The Tribunal has the power to reopen proceedings in certain circumstances[2]. It is questionable whether that process is available here because it does not apply to an appeal heard and decided by the Tribunal[3]. It could be argued that, where the application has been dismissed for non compliance, it has not been heard and decided.
[2] Queensland Civil and Administrative Tribunal Act 2009, s 137.
[3] Queensland Civil and Administrative Tribunal Act 2009, s 136.
There is another course open, and that is for Ms Lindgren to commence a fresh application for leave to appeal. Because her application was dismissed for non compliance with a procedural requirement, she may only commence a new application on the same ground with the leave of the President or Deputy President[4]. Leave can be granted if the President or Deputy President considers the interests of justice require leave to be given.
[4] Queensland Civil and Administrative Tribunal Act 2009, ss 48, 49.

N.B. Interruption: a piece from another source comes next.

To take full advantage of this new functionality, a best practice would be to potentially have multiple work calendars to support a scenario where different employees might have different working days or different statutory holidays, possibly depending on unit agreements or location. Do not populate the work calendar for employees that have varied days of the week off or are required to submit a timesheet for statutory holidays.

I consider it is in the interests of justice for leave to be granted for Ms Lindgren to commence a new application for leave to appeal and to appeal. Given the circumstances of the case it would be inappropriate to put Ms Lindgren to the trouble and expense of filing a new application. This would also inconvenience the respondent who has already filed material and submissions in APL206-10. The better course is to waive the procedural requirements which apply to an application and to accept the documents filed in APL206-10 as documents filed in a new application[5]. This will preserve both parties’ positions prior to the application being dismissed.

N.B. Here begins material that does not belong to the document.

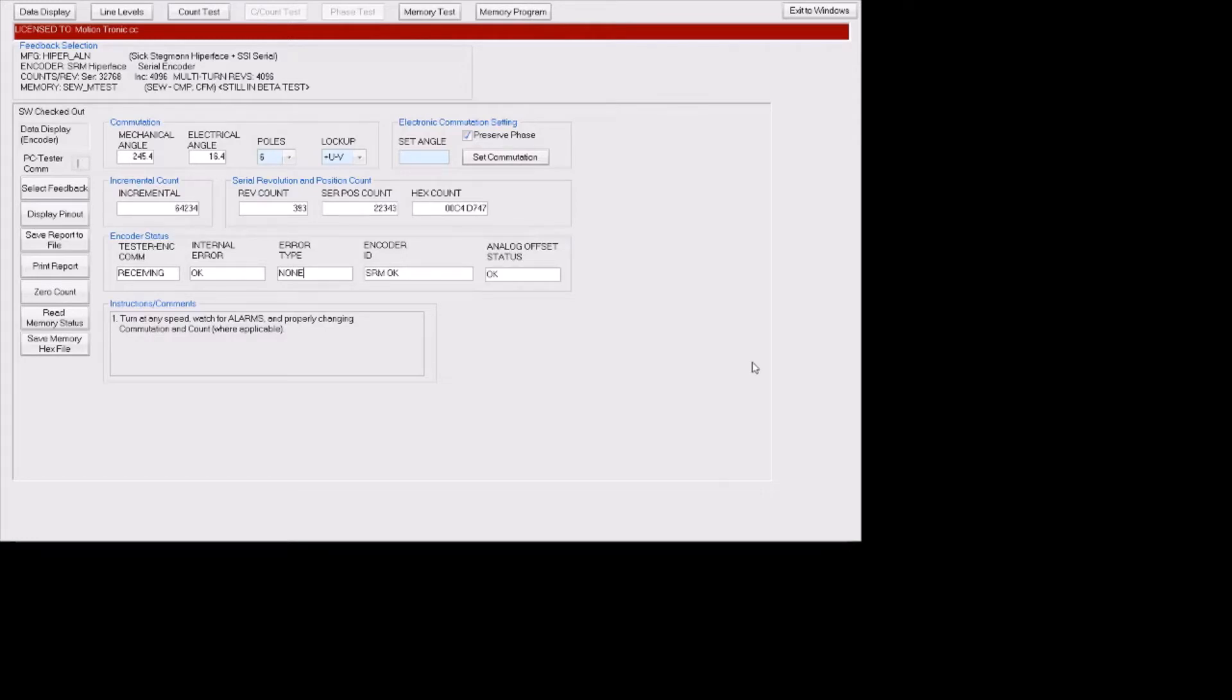Today we will be going through our data display page which indicates VALTO information for us once we have communication with the encoder.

[5] Queensland Civil and Administrative Tribunal Act 2009, s 61.
The orders and directions I have made will progress the application from the stage it had formerly reached as APL206-10. Ms Lindgren has been given a new date by which to provide her submissions[6]. Although the Respondent has already filed some submissions, he has been given a date by which he can respond to Ms Lindgren’s written submissions. The application will then be determined on the papers, without an oral hearing.
[6]Submissions are written arguments not evidence, in this case about why she should have leave to appeal and why the appeal should succeed.